Jeff King <peff@xxxxxxxx> · Thu, 29 Sep 2016 15:16:09 -0400

On Thu, Sep 29, 2016 at 11:55:46AM -0700, Linus Torvalds wrote:

> I think the patch can speak for itself, but the basic core is this
> section in get_short_sha1():
> 
>   +       if (len < 16 && !status && (flags & GET_SHA1_AUTOMATIC)) {
>   +               unsigned int expect_collision = 1 << (len * 2);
>   +               if (ds.nrobjects > expect_collision)
>   +                       return SHORT_NAME_AMBIGUOUS;
>   +       }

Hmm. So at length 7, we expect collisions at 2^14, which is 16384. That
seems really low. I mean, by the birthday paradox that's where expect
a 50% chance of a collision. But that's a single collision. We
definitely don't expect them to be common at that size.

So I suspect this could be a bit looser. The real number we care about
is probably something like "there is probability 'p' of a collision when
we add a new object", but I'm not sure what that 'p' would be. Or
perhaps "we accept collisions in 'n' percent of objects". But again, I
don't know that 'n'.

I dunno. I suppose being overly conservative with this number leaves
room for growth.
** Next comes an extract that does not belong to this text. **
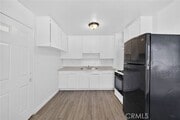 Photo - 15990 Yucca St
Repositories generally get bigger, not smaller. :)

> What do you think? It's actually a fairly simple patch and I really do
> think it makes sense and it seems to just DTRT automatically.

I like the general idea.

As far as the implementation, I was surprised to see it touch
get_short_sha1() at all. That's, after all, for lookups, and we would
never want to require more characters on the reading side.

I see you worked around it with a flag so that this behavior only kicks
in when called via find_unique_abbrev(). But if you look at the caller:

> @@ -458,14 +472,19 @@ int for_each_abbrev(const char *prefix, each_abbrev_fn fn, void *cb_data)
>  int find_unique_abbrev_r(char *hex, const unsigned char *sha1, int len)
>  {
>  	int status, exists;
> +	int flags = GET_SHA1_QUIETLY;
>  
> +	if (len < 0) {
> +		flags |= GET_SHA1_AUTOMATIC;
> +		len = 7;
> +	}
>  	sha1_to_hex_r(hex, sha1);
>  	if (len == 40 || !len)
>  		return 40;
>  	exists = has_sha1_file(sha1);
>  	while (len < 40) {
>  		unsigned char sha1_ret[20];
> -		status = get_short_sha1(hex, len, sha1_ret, GET_SHA1_QUIETLY);
> +		status = get_short_sha1(hex, len, sha1_ret, flags);
>  		if (exists
>  		    ? !status
>  		    : status == SHORT_NAME_NOT_FOUND) {

You can see that we're going to do more work than we would otherwise
need to. Because we start at 7, and ask get_short_sha1() "is this unique
enough?", and looping. But if we _know_ we won't accept any answer
shorter than some N based on the number of objects in the repository,
then we should start at that N.

IOW, something like:

  if (len < 0)
	len = ceil(log_base_2(repository_object_count()));

here, and then you don't have to touch get_short_sha1() at all.

I suspect you pushed it down into get_short_sha1() because it kind-of
does the repository_object_count() step for "free" as it's looking at
the object anyway. But that step is really not very expensive. And I'd
even say you could just ignore loose objects entirely, and treat them
like a rounding error (the way that duplicate objects in packs are
treated).

That leaves you with just an O(# of packs) loop over a linked list. You
could even just keep a global object count up to date in
add_packed_git(), and then it's O(1).

-Peff